Uno puede dejar de lado ciertas tesis de Roque Dalton, sin que eso suponga que uno tire al niño con el agua sucia de la bañera. Su ironía, como ejemplo de reflexividad vital, es un legado que no ha sabido capitalizar nuestra lírica y habría que preguntarse por qué. Quizás sea porque la ironía es un ejercicio de estilo donde interviene una inteligencia que no está al alcance de los imitadores vulgares o de los poetas cuya pereza mental los aleja de la corrosiva lucidez.

El Dalton de la segunda mitad de los años sesenta del siglo pasado ya no era un receptor pasivo de los ismos de la vanguardia.
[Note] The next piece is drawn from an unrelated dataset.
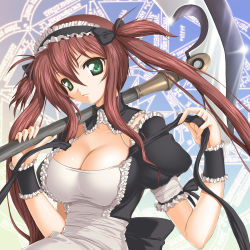 Rule 34 | 00s, 1girl, airi (queen&#039;s blade), airi (queen's blade), airi (the infernal temptress), aokihoshi, breasts, brown hair, cleavage, green eyes, hairband, large breasts, long hair, maid, queen&#039;s blade, scythe, solo, twintails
En cambio, hoy, una búsqueda epitelial de lo nuevo desempolva modelos de la vieja vanguardia histórica como si entre la fecha de su aparición y el presente en el cual vivimos  no mediara un largo proceso histórico y de asimilación en el que los viejos lenguajes de lo nuevo han terminado siendo cooptados por la industria de la cultura.

Conviene detenerse en la pluralidad literaria posmoderna y noventera que se abrió paso con el final de la guerra y con nuestra mayor integración en las redes de la cultura globalizada. En lo que al tiempo interno de nuestra literatura se refiere hubo un proceso de sustitución y ampliación de los modelos literarios que ha sido beneficioso. Lamentablemente, como suele suceder, nuestras sustituciones y ampliaciones se desarrollaron bajo esquemas binarios donde quedaba excluida la ponderación y la posibilidad de un tercer punto de vista. Entramos así al reino de una pluralidad acrítica que acogió sin ironía ni diálogo lúcido el retorno de muchas voces poéticas vanguardistas de la primera mitad del siglo XX.

A estas alturas del siglo XXI, el surrealismo, por ejemplo, ya no es lo que era. Hoy, en los malos poetas, al igual que en la publicidad, el surrealismo sirve para darle masajes placenteros e inocuos a la imaginación. En los malos poetas, el surrealismo se ha convertido en una máquina de producir asombro falso.

¿Y qué decir de la poesía maldita y los poetas malditos? Ambos dependen de la pervivencia de los valores religiosos y de un cierto sentido de la pureza que facilite el juego de la profanación. Pero el juego de la profanación ya no es lo que era en los tiempos de Baudelaire o de Rimbaud. Ahora el escándalo es un recurso para ampliar las ventas de los productos culturales. Ahora el escándalo es una estética que tiene sus modelos ejemplares y que por lo mismo puede llegar a ser una retórica con toda su cadena de tópicos, fórmulas de estilo y poses prefabricadas. Al leer al enésimo imitador de William Burroughs, uno comienza a pensar en máscaras y falsificaciones.

Ahí están quienes con toda la buena intención del mundo retornan a los valores seguros y, por lo que se ve, inmarcesibles de lo clásico. Yo considero saludables estos retornos porque ponen el viejo tema del rigor formal sobre la mesa en una época en la cual el anarquismo estético ha llegado a un callejón sin salida. Sin embargo es de lamentar que este retorno a lo clásico se haga sin ironía y sin originalidad formal. Ignoro por qué muchos retornos al rigor van acompañados de una visión estrecha de lo bello que lo limita a lo bonito y a una elegante dicción en la que están prohibidos los guijarros, las astillas, las roturas, los coágulos, lo que revienta.

Entre nosotros domina esa imagen estrecha y rigurosa de la poesía que la condena a ser siempre un concierto de violín. Dalton ya se mofó de esta inclinación a rascar el violín que tienen muchos poetas salvadoreños. Tocar el violín para muchos es un sinónimo de hacer poesía. La irónica historia nos ha hecho comprender que el violincito pederasta es más poderoso y complejo de lo que Roque Dalton creía. Ahora el violincito simula ser un transgresor.